Jonathan Schwarz and James Wolcott both note the depressing, ritualistic demonization of "pacifism" from both of our political factions, noting likewise that those casting the anathemas rarely seem to grasp what pacifism actually is. Some time ago in comments here, a commenter of a lawyerly mindset tried to pin us all down, Perry Mason style, with the question of whether or not Monsieur IOZ believed that use of the American military was ever justified. The idea of asking such a question is to catch your humble blogauthor in a sort of contradiction, and to show that he is either a "blanket pacifist," to use Matthew Yglesias' bumbletongued term, or else has equally arbitrary, albeit different, standards and thresholds for killing people and blowing shit up.
The standard response among non-interventionists is that the only proper use of the military is to defend the nation against invation, that if Mexico decides to launch a war, or whatever, we are justified in responding with force. In fact, I would not go that far. The United States of America as an entity is to me not worth one drop of human blood. The notion that we represent some bulwark against the descent of darkness in this world, lonely Gondor against the hordes of the east (or, lordy, whatever) is self-satiated nonsense. I cannot imagine that I would take up arms to defend America. I might even join the other side, depending on the physical quality of the boyz in the barracks, if you know what I'm saying.
On the other hand, if some army of Albanians actually did overrun the country and I found myself in an occupied Pittsburgh and Pennsylvania, I cannot imagine not grabbing the rifle and bombing the bridges. This is something that we largely fail to understand about the resistance in Iraq: that it operates on two interrelated but nevertheless distinguisahable levels; that the desire to eject the Americans from "Iraq" is actuated by the desire to eject them from Sadr City; that the lived experience of our occupation is not on a national scale but rather on a local one, and therefore resistance likewise operates locally.
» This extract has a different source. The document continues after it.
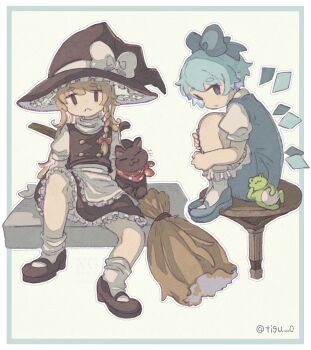 2girls :< apron black_cat black_hat black_shoes black_skirt black_vest blonde_hair blue_bow blue_dress blue_eyes blue_hair blue_shoes bow braid broom cat chigu cirno closed_mouth commentary_request detached_wings dress frog hair_bow hat hat_bow highres ice ice_wings kirisame_marisa looking_at_viewer mary_janes multiple_girls puffy_short_sleeves puffy_sleeves red_bow shoes short_sleeves side_braid single_braid sitting skirt socks touhou twitter_username vest waist_apron white_apron white_bow white_socks wings witch_hat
A militiaman may know some nationalistic rhetoric, may employ it, and may even believe it to a degree, but ultimately "Iraq" is merely a political abstraction, whereas his neighborhood is physical and real.
By and large, I reject the use of state militaries entirely. I am not a fan of nation-states. That is necessarily a position deep in hypothetical space, given the world we live in, but nevertheless forms a baseline principle. On the other hand, I support the prerogative of people to resist their masters, whether foreign or domestic, by means up to and including violent resistance. This does not make me a pacifist, and yet in the eyes of the loons at the National Review and the more sober eyes of Brother Yglesias, it obviates my analyses of American warmaking. Fortunately I don't care. The reason to complain about exemption from mainstream dialogue is desire to participate, which for me is like getting pissed that a priest will deny me communion even though I'm not a Catholic.